DOLARI BEN YÜKSELTTİM

Kimsenin günahını almayın lütfen!.. Doları yükselten benim. Hastaneye yatarken 9 Lira bilmem kaç kuruştu. Dikişlerim alındığında 11 buçuğa doğru koşuyordu. Yedi buçuk yıl önce göğsümün soluna yerleştirilen pil ömrünü tamamlamış. Onu çıkarıp yenisini yerleştirdiler. Bir saat yirmi dakika süren ameliyat iyi geçti. Sırtüstü yatmak ve sol tarafı gece gündüz korumak gibi bana zor gelen davranışlar da olmasa, her şey güllük gülistanlık. Çocukluğumdan beri sol yanıma yatma alışkanlığımı yenmek için de koltukta ve kanepede uyumak çare oldu.

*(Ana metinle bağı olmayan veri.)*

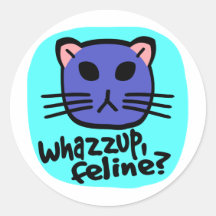 Kiki Kitty font face, Whazzup, félin ? Avec l'arri Adhésifs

Önceki gün dikişler de alınınca sağlık itibariyle normale çok yaklaştım. Hatta televizyon haberlerini izlemeye bile başladım. İşte, ne olduysa o haberler sırasında oldu. Vicdanım sızladı… Ne sızlaması; kanadı, kanadı.Beynim haşlanır gibi oldu. Kalbim adeta ters çalışıyor da, damarlarımdaki kan da ters yönde akıyor gibiydi. Acaba yanlış mı duydum zannıyla alt yazıyı da okudum. Yetmedi, bir başka kanala geçtim. Aman Allah’ım!.. Doğruydu. Ameliyatımdan hemen önce dokuz küsür olan dolar on 11 buçuk Liraya yaklaşmıştı.
DEMEK Kİ DOLAR BANA BAĞLIYMIŞ
Tıp aleminde ICD (Implantable Cardioverter Defibrillator) olarak isimlendirilen ve bizim kalp pili dediğimiz cihaz elektrikle çalışıyor. Eskisinde voltaj adeta yerlerde sürünürken Dolar denilen zıkkımın kökü daha usluydu. Yeni pille içimdeki voltaj yükselince demek ki, bana bağlı olan Dolar da hızını alamamış, paralel biçimde yükselmiş. Yoksa, durup dururken ne diye yükselsin!.. Üstelik bu kadar kısa zamanda bu kadar çok yükselmesi sadece Latin Amerikanın bazı ülkeleri ile , İkinci Dünya Savaşı sonuna doğru Almanya’da görülmüşken…
Doların bana bağlı olduğunu kavradığım andan itibaren yalnız fikren ve zikren değil, batılen ve zahiren de perişan oldum. 83 milyon vatandaşımız ve konuk ettiğimiz en az beş milyon mültecinin hayatını zehir etmiş olmamın verdiği ıstırabı anlatabilmem olanak dışı. Ben bile biliyorum ki, Doların ateşi yükselince, aklınıza gelen-gelmeyen her ürünün, her hizmetin fiyatı kaynar. İlk örneğini de ben yaşadım zaten; eczanelerde bazı ilaçlar yok olmuş. Gördünüz mü? Atalar boşuna dememiş: Kim ne eylerse, kendine eyler.
AMELİYATI SORUP SUAL EYLERSENİZ
Yıllar yılı kalbimi takip eden Profesör Gökhan Cin Mersin Üniversitesi hocalarından. Ameliyatı da orada gerçekleştirdi. Tekerlekli sedye ile taşınırken ameliyat masasına yatmayı özlediğimi fark ettim. Daha önceden kasık fıtığı, by-pass, 3 anjiyo, 1 tur, 1 ICD implantasyonu , 3 sistoskopi nedeniyle 10 kez uzanmıştım böyle masalara. Bununla 11’inciyi tamamladım ya, alışkanlık yapmış. Dikkat ederseniz, Dolar da tıpkı benim gibi 10 Lirayı aşıp 11 Liranın üstünde dolaşıyor. Bu da, dövizin bana ne kadar sıkı sıkıya bağlı olduğunun kanıtı sayılmaz da ne sayılır, öyle değil mi?
Neyse, efendim, yürüyen sedyeden ameliyat masasına uzanır uzanmaz üstümüzü kat kat steril örtülerle kapattılar. Ameliyat alanını açıkta bırakan örtüler yerleştirildikten hemen sonra, hoca o bölgeyi uyuşturdu. Acı duymasam da etimi kestiğini hissediyordum. Eski pili yavaş yavaş ama zorlayarak çıkarırken de, yenisini yerleştirip yarayı dikerken de yapılan tüm işlemleri kulağımla takip edebildim. Şimdi sıra, iki gün sonra pile verilecek ince ayarda. Umuyorum, bu ince ayardan Dolar da nasiplenir de, vatandaşlarımız bastıran yoksulluğu daha da fena yaşamaz.
NOT: Tüm öğretmenlerimizin Gününü kutlarım. Ne çetin zorluklar içinde görev yaptıklarını biliyor, sabır ve dayanma gücü diliyorum.